When subsampling a single bone or tooth, one area might yield endogenous DNA while sampling from another area a few centimeters away on the same specimen might not yield any endogenous DNA.
This does not mean that we just sample random areas of a bone or tooth and hope for the best. We can lean on scientific studies that have tested which skeletal elements (and areas of those elements) provide us with the best chance of obtaining endogenous DNA.
Where such studies are lacking for a particular species or bone, we lean on our knowledge of the anatomical and cellular structure of the element in question and/or scientific principles in general and extrapoloate the findings of the other (often human-based) studies to our species of interest or skeletal element in question.
Nevertheless, it is important to realise and acknowledge (perhaps for your sanity) that even though we try to use scientific evidence and principles to give ourselves the best chance of obtaining endogenous DNA, all this does is slightly improve the usually low probability of obtaining any endogenous ancient DNA at all, due to that certain amount of randomness in the preservation of DNA in ancient specimens.
Drilling bones and teeth with a dental drill can generate a lot of heat through friction. This heat appears to result in the further degradation of any DNA that might be present (Adler et al., 2011). Therefore:
- Use the lowest drill speed possible;
- Drill in short bursts to prevent heat generation and allow cooling of the drill bit and the specimen between drill bursts;
- Target new areas with each drill burst if possible (e.g. move along the bone or tooth root as you drill);
- Crush and grind (with a mortar and pestle or pulverize with a bone mill) bone/tooth material to a fine powder whenever the opportunity presents itself. This way, drilling is either avoided altogether, or only a limited amount of drilling/cutting is done to get pieces to crush and grind.
Try to avoid damaging anatomically important areas/features, such as ligament/tendon attachment sites on bones (these are characteristic small holes/cavities in the bone), or teeth crowns, that can be useful for future researchers. Root tips generally have limited morphological research value and more cementum than the rest of the root and are thus a good target for aDNA subsampling.
Considerations when subsampling bones
Which bones to target for aDNA extractions?
- The petrous part of the temporal bone (humans) or petrosal bone (a separate bone in other mammals), and in particular the otic capsule part of this inner-ear bone, is widely accepted as the best skeletal source of aDNA in mammals (i.e. it usually preserves the highest proportion of endogenous DNA) (Pinhasi et al., 2015). Thus, if possible, target this bone for aDNA extractions.

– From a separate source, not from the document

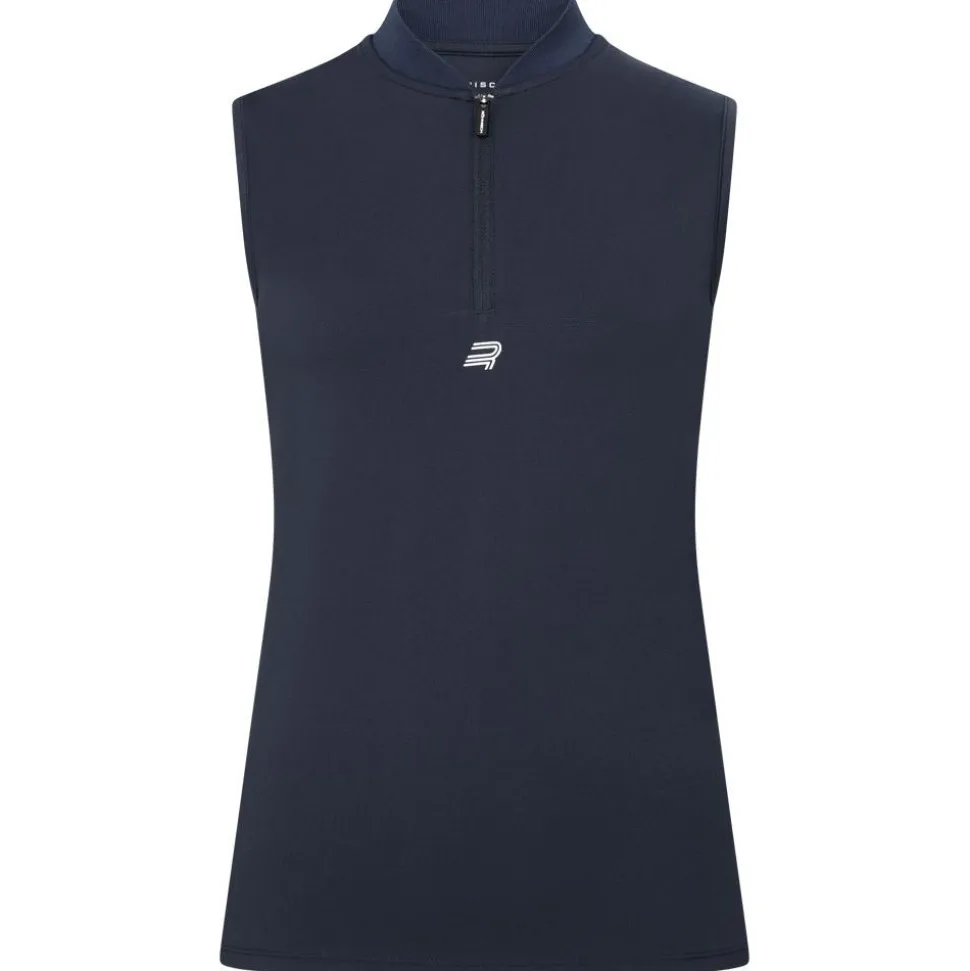 Polo Rohnisch Annie Sleeveless Navy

- However, the petrosal bone is well-protected in the skull and can be difficult to get to in well-preserved skulls, requiring some damage to the skull to get to it. It is also not a very common bone to find for non-human mammals at archaeological or palaeontological sites.
- Often, we are limited to fragments of long bones, other limb bones (e.g. metatarsals, metacarpals, phalanges, etc.), or cranial fragments (e.g. mandibles, maxillae, etc.).
- Depending on the size of the bone fragment, either use all of it for DNA extraction if it is very small (in which case crush & grind with a mortar and pestle, don't drill), or target the densest part of the bone to subsample via drilling (see next step).
Which areas of bones to target for aDNA extractions?
- Alberti et al. (2018) showed that the densest part of bones usually preserve the highest proportion of endogenous DNA (Figure 1).
- Thus, sample the densest part of the bone to obtain powder for DNA extraction. That is to say, try to avoid the spongy (trabecular/epiphyseal) areas of the bone. It is a safe bet to apply this approach to any bones you wish to subsample, unless there is evidence to the contrary for specific bones.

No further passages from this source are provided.